PROBLEM TO SOLVE: Return every line of the records that includes the string "Casa".

Stored entries:
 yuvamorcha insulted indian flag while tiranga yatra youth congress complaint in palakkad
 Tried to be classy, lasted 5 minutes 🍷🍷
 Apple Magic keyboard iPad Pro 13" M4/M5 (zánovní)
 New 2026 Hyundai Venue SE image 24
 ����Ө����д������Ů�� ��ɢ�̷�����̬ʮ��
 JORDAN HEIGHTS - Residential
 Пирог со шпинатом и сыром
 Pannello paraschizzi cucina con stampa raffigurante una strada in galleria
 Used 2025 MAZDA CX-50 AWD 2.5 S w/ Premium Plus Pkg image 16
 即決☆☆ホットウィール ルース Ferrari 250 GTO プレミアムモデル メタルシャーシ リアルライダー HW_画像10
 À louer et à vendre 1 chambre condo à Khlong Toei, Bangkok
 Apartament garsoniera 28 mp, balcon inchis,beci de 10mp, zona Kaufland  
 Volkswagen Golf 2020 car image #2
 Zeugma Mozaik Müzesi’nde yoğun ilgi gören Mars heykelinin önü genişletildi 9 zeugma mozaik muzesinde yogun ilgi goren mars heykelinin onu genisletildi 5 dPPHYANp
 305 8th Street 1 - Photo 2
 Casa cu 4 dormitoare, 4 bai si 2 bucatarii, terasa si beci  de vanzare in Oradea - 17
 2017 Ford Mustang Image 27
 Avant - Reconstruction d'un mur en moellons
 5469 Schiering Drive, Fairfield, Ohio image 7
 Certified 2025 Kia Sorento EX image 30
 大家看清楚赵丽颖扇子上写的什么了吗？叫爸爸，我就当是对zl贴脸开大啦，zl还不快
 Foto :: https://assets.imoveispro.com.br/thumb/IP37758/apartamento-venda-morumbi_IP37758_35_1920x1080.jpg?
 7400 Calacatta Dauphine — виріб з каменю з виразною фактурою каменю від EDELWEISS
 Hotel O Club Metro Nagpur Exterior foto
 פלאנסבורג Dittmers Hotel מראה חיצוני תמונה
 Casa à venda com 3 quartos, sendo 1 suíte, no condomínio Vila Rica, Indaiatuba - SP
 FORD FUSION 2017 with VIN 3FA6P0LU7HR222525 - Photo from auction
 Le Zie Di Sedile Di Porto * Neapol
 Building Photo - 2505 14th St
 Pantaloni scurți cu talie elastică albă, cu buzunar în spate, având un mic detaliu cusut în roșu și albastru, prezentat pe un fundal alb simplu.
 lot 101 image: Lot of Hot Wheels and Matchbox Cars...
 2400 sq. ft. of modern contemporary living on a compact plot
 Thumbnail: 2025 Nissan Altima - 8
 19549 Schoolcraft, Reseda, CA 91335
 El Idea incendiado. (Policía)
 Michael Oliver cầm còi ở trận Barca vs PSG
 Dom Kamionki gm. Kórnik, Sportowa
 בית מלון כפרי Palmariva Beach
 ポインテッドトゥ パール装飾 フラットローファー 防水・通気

ANSWER:
 Casa cu 4 dormitoare, 4 bai si 2 bucatarii, terasa si beci  de vanzare in Oradea - 17
 Casa à venda com 3 quartos, sendo 1 suíte, no condomínio Vila Rica, Indaiatuba - SP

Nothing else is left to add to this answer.